The symbolism is beautiful.

The tradition of folding a palm frond into the shape of a cross powerfully illustrates the kingdom message of Jesus, as a symbol of royalty becomes a symbol of sacrifice.  This simple action reminds us that the victory of Jesus did not take the shape of forceful triumph, but of humility and that our citizenship in the Kingdom of God demands we do the same. 

...Which is why I got really pissed off yesterday when the palm fronds I bought weren’t the ideal size for folding.

Dan took one look at the wilting potted palm I brought home from BiLo and said, “I think they needed to be at least 21 inches long.”

“Well, if you want to go out in the pouring rain to buy a $40 palm tree, be my guest,” I shot back.

I was determined to present a little cross to everyone at church that night in honor of Palm Sunday and the commencement of Holy Week, so the two of us spent the afternoon painstakingly folding the six-inch leaves into tiny green crosses. The meticulous nature of the work frustrated me, and as I struggled to make one particularly misshapen cross hold together, I couldn’t help but see a parallel between the unraveling little cross in my hands and the unraveling faith in my heart.

The symbolism was depressing.

I had lofty intentions when I decided to observe the church calendar this year, and things were going really well until Lent.

Advent included the appropriate amount of anticipation, reflection, and celebration. Epiphany brought with it a sense of solidarity with the human race for whom Christ came. Unfortunately, Ash Wednesday fell on a day when I woke up unsure that God even exists, in a week when I felt betrayed by a group of Christians, and in a month full of writing deadlines and social commitments. Although I diligently kept my fast throughout the season, I felt as though I did a better job honoring the letter of the law than the spirit of the law. I’d hoped to get into a steady rhythm of daily prayer and reflection, but instead I found myself feeling distant from God, distracted by work, and cynical about the Church.

I guess in the back of my mind I’d hoped that all the liturgy and symbolism and tradition would magically restore my hope in Christianity and miraculously cure me of my doubts about God.  Isn’t that why young evangelicals have rushed out and purchased The Book of Common Prayer? Isn’t that why troubled, poetic folks like Anne Lamott and Sara Miles are Anglican? 

But the crumpled fronds and awkward crosses spread across my dining room table spoke not of holiness, but of imperfection. Messy, screwed-up, real-life imperfection.

It took a few hours and a few completed crosses for me to realize that this is how it’s supposed to be.

The symbolism was perfectly imperfect.

Holy Week wasn’t perfect for the disciples. They betrayed, ran away, lied, despaired, and doubted.

Holy Week wasn’t perfect for Jesus. He wept.
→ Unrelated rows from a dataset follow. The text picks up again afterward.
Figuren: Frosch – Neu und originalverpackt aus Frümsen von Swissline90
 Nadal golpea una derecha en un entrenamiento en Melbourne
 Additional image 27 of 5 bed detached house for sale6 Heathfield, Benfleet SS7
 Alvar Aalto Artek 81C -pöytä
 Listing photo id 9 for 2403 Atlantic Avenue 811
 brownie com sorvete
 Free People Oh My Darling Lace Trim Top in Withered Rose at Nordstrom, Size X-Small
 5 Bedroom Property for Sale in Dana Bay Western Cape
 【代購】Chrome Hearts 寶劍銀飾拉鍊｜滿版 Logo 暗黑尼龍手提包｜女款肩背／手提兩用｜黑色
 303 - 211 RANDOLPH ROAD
He wondered if there was another way.  He experienced the same agony and isolation that inspired the poet David to ask, “My God, my God. Why have you forsaken me?”

Holy Week isn’t perfect for the Church. It comes amid scandal, division, persecution, and complacency.

Holy Week isn’t perfect for God, as he looks down upon the messes we have made, the stupid wars that we wage, and the imperfect representation of His son that we clumsily project to the world.

For most of us, holy week isn’t so holy. In fact, it's more like the unholy mess spread across my kitchen table on a cold and rainy Palm Sunday afternoon.

But maybe that’s how it’s supposed to be. Maybe Holy Week isn’t about perfection maintained, but about imperfection restored—an execution device transformed into a symbol of pardon, three denials transformed into three declarations of love, a tomb transformed into the birthplace of hope.

The symbolism is beautiful.

***

Do you struggle with disappointment when Holy Week turns into an unholy mess? What have you learned from the imperfect moments during Lent?